What is more, in my taking part in the Summer Project, there were many things that I was able to re-learn and rediscover:
• Communicate, communicate, communicate…
• Whether you’re working on a group task, or you’re just figuring out a way for all your mates to have a great time next Saturday; everyone is put in a better position, and builds a clearer picture, when you voice what’s happening from your perspective.
• It works two ways! Communication is a process of feedback and response to the information we’re receiving; so being open to listen, empathise, and take on other perspectives is just as necessary as making yourself heard clearly.
Invite, like there’s no maximum capacity
• Nothing is lost, and much stands to be gained, simply by being inclusive and reducing the amount of friction and effort between yourself and someone who could be a participant in a process or discussion. Exclusiveness can build value too sure, but only so far as the limits of those who are ‘in’.
• In truth, there’s an upper limit on everyone’s resources, whether it be time, energy, attention or money; but by creating an atmosphere and ethic that is open and approachable, it’s easier to Identify where those resources are worth being channeled; and whom is responding, proactively seeking to collaborate.
Write things down
• No seriously, do it.
• I don’t know why this one is something that I hear so often being profoundly rediscovered midway through careers and post-school/college. Maybe it has something to do with the context and applications in which we’re used to developing note-taking or thinking-through-writing as a skill and habit. Regardless, history has shown how revolutionary turning thoughts into written language can be, and for the small investment of time and focus, the powerful results make putting words on paper a consistently worthwhile activity.
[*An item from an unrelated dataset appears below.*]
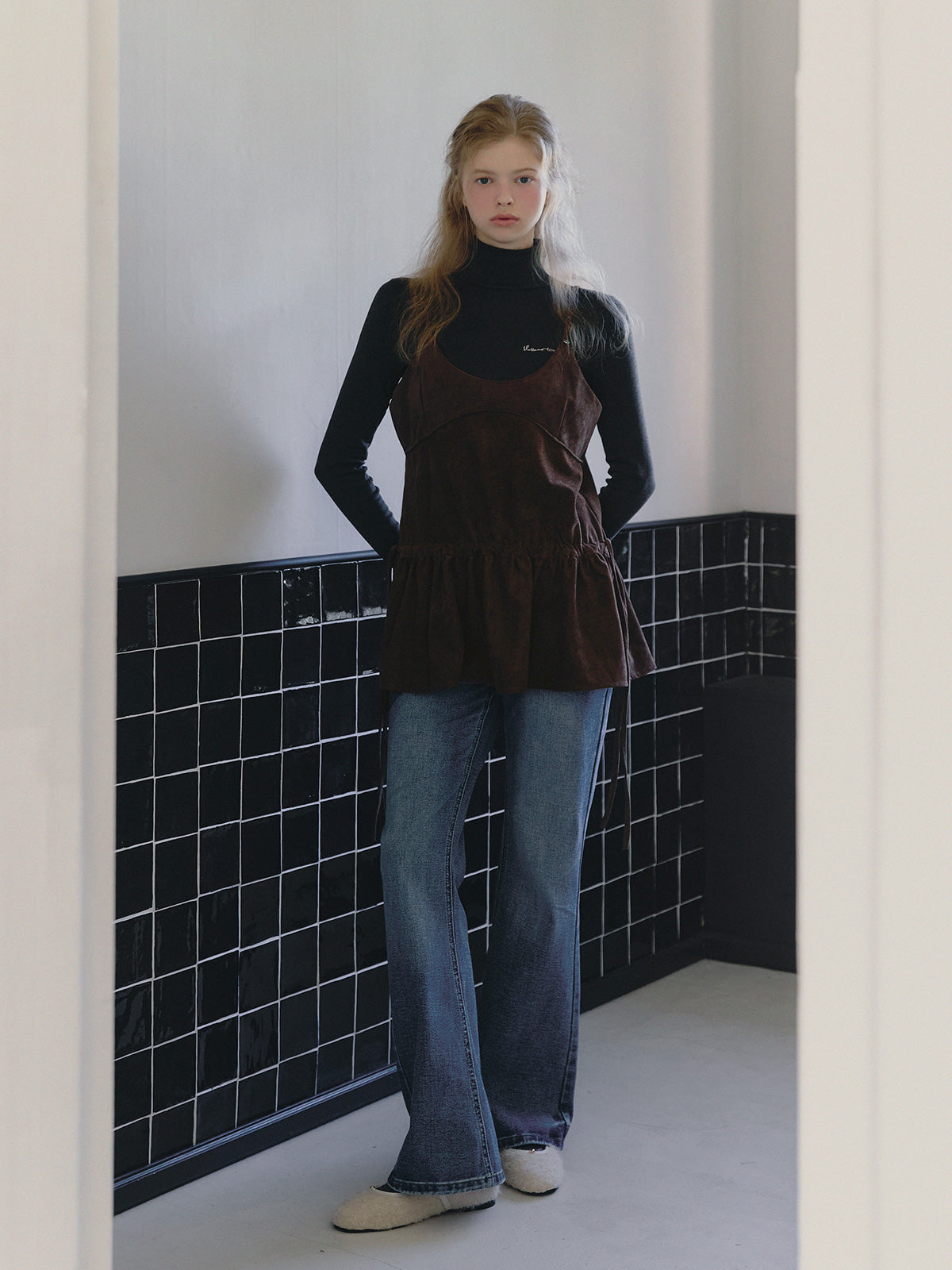 【TWEE】Longdi Suede Layered Dress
• Doodle too. Drawings, diagrams and graphs can capture ideas wonderfully. Never forget that there’s no one single format that can convey everything perfectly – just a whole range of different forms.
Keep a calendar, watch your time, be accountable.
• Be sure to allocate time in which to not be accountable too, in good measure.
• You’ll get things done, more importantly, you’ll get them done in time for when they need to be done by.
• With yourself, first and foremost. There’s no point living in delusion.
• With others,
• like when you say you’re fine, but you’re actually struggling;
• like when you asked to hear more about someone else’s plans (which you’d heard a thousand times), when actually you wanted to propose a genius idea of your own to them;
• like that time I said I’d be in touch and send that email, when I’m actually lost for a reason as to why I would ever send it.
• Honesty, having a critical eye, is often a reductive process. But it isn’t a synonym for ‘a constant stream of criticism’; and a too much of a useful thing, directed in the wrong way, can wreak havoc. So use it wisely – both on yourself and with others.
Dream, disrupt, do.
• If you can envision it, imagine it, there’s probably a good reason.
• If you’re afraid of it, feeling cautious or restricted by something, there’s probably a good reason.
• If you’re not doing something about it, not overcoming or solving or fighting or creating – there’s no good reason to justify… Unless;
• You’re vulnerable, or alone, or injured, or unwell, or depressed – Then you know it’s time to ask for help, so that someday you can be in a position to help someone else.